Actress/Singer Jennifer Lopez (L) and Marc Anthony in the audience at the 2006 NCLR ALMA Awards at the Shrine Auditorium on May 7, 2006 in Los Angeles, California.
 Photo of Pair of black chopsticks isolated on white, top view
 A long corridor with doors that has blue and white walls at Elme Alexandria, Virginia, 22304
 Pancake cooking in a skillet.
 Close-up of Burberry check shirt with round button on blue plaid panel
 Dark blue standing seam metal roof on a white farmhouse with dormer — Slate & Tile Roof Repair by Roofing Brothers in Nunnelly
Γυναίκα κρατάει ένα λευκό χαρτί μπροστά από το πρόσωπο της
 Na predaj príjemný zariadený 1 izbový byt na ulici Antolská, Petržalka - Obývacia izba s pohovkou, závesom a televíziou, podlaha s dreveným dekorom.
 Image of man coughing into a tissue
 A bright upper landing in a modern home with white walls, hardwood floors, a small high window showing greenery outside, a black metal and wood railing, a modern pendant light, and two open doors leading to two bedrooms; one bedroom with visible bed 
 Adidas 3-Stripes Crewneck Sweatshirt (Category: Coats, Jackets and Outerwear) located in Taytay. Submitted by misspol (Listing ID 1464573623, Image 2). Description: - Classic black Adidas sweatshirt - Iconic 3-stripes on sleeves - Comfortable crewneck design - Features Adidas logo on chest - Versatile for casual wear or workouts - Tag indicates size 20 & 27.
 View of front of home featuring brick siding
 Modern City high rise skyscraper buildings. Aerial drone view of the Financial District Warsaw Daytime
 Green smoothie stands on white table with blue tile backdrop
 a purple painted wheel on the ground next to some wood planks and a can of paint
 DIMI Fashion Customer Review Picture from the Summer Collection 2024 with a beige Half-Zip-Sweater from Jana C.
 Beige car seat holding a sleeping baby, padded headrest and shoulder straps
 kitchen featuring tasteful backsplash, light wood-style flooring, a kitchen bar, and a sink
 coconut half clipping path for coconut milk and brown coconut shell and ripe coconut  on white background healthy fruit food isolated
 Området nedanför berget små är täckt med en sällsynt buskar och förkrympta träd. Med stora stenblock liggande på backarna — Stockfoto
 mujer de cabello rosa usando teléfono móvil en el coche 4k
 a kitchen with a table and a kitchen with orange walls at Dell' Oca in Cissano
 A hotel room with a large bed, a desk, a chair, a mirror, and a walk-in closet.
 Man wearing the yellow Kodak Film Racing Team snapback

**What the task requires:**
From the line with "Adidas 3-Stripes Crewneck" to the final line of the entries above, return every line exactly as written.

**Answer box:**
 Adidas 3-Stripes Crewneck Sweatshirt (Category: Coats, Jackets and Outerwear) located in Taytay. Submitted by misspol (Listing ID 1464573623, Image 2). Description: - Classic black Adidas sweatshirt - Iconic 3-stripes on sleeves - Comfortable crewneck design - Features Adidas logo on chest - Versatile for casual wear or workouts - Tag indicates size 20 & 27.
 View of front of home featuring brick siding
 Modern City high rise skyscraper buildings. Aerial drone view of the Financial District Warsaw Daytime
 Green smoothie stands on white table with blue tile backdrop
 a purple painted wheel on the ground next to some wood planks and a can of paint
 DIMI Fashion Customer Review Picture from the Summer Collection 2024 with a beige Half-Zip-Sweater from Jana C.
 Beige car seat holding a sleeping baby, padded headrest and shoulder straps
 kitchen featuring tasteful backsplash, light wood-style flooring, a kitchen bar, and a sink
 coconut half clipping path for coconut milk and brown coconut shell and ripe coconut  on white background healthy fruit food isolated
 Området nedanför berget små är täckt med en sällsynt buskar och förkrympta träd. Med stora stenblock liggande på backarna — Stockfoto
 mujer de cabello rosa usando teléfono móvil en el coche 4k
 a kitchen with a table and a kitchen with orange walls at Dell' Oca in Cissano
 A hotel room with a large bed, a desk, a chair, a mirror, and a walk-in closet.
 Man wearing the yellow Kodak Film Racing Team snapback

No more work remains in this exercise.